What you are asked to do
Skip the pictures and return every entry exactly as written.

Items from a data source
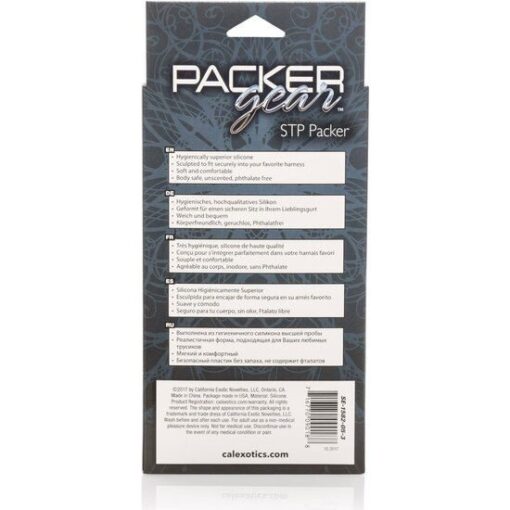 CALEXOTICS - FUNDA PENE PEE PACKER - Imagen 3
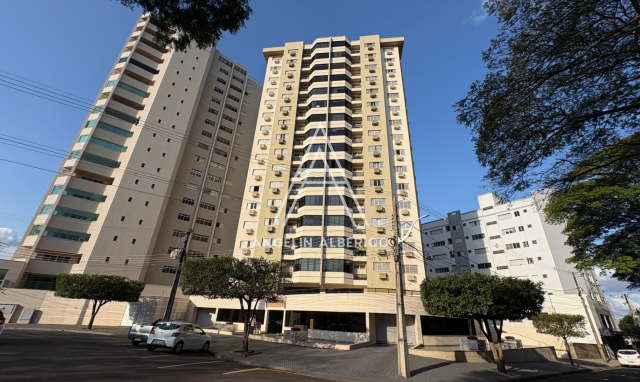 Apartamento a Venda Semi Mobiliado No Centro de Cianorte PR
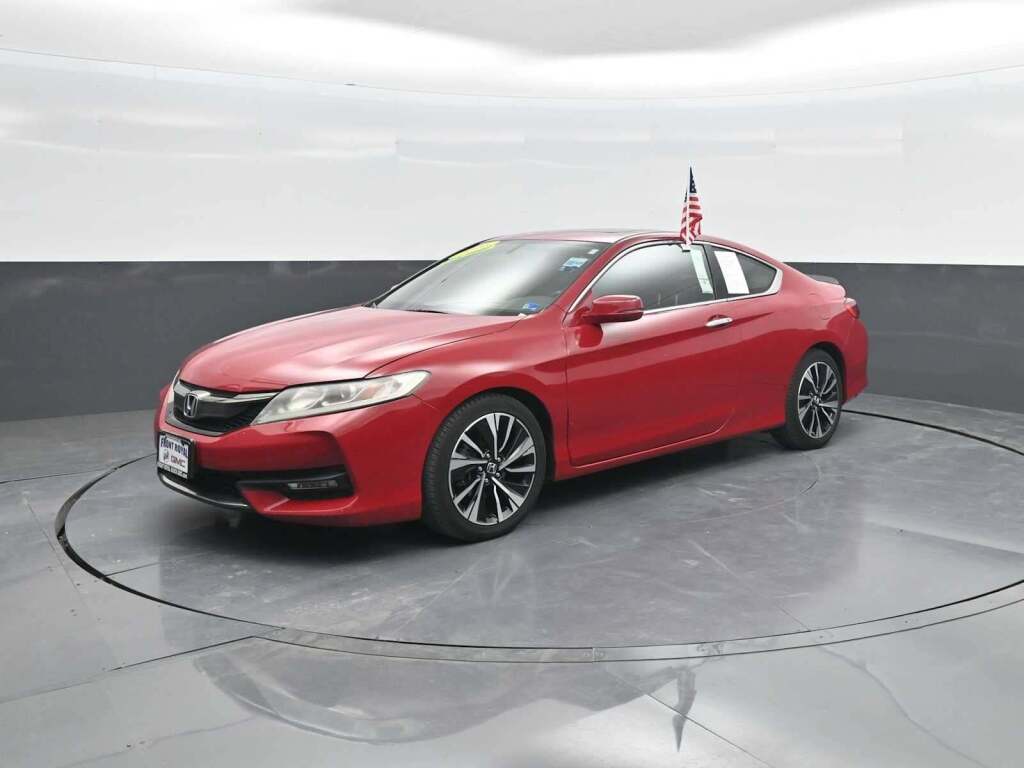 2016 Honda Accord EX-L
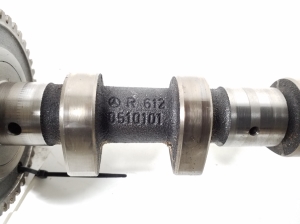 Mercedes Benz ML-Class 163 (1998–2005) Camshaft A6120502001 - 2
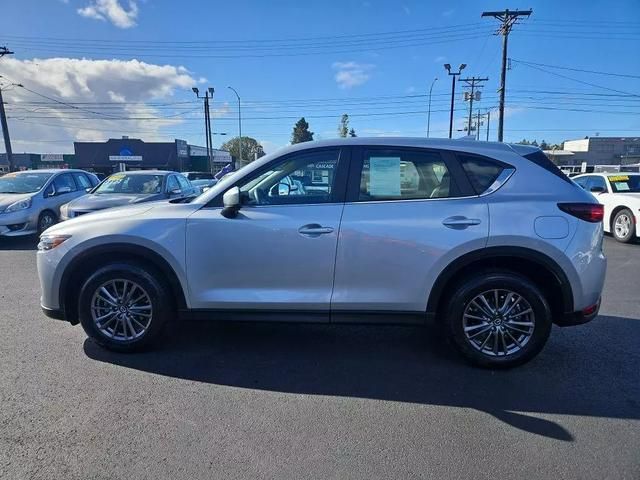 2017 Mazda CX-5 Sport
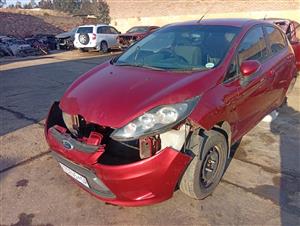 2015 Ford fiesta stripping for spares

Your response
 CALEXOTICS - FUNDA PENE PEE PACKER - Imagen 3
 Apartamento a Venda Semi Mobiliado No Centro de Cianorte PR
 2016 Honda Accord EX-L
 Mercedes Benz ML-Class 163 (1998–2005) Camshaft A6120502001 - 2
 2017 Mazda CX-5 Sport
 2015 Ford fiesta stripping for spares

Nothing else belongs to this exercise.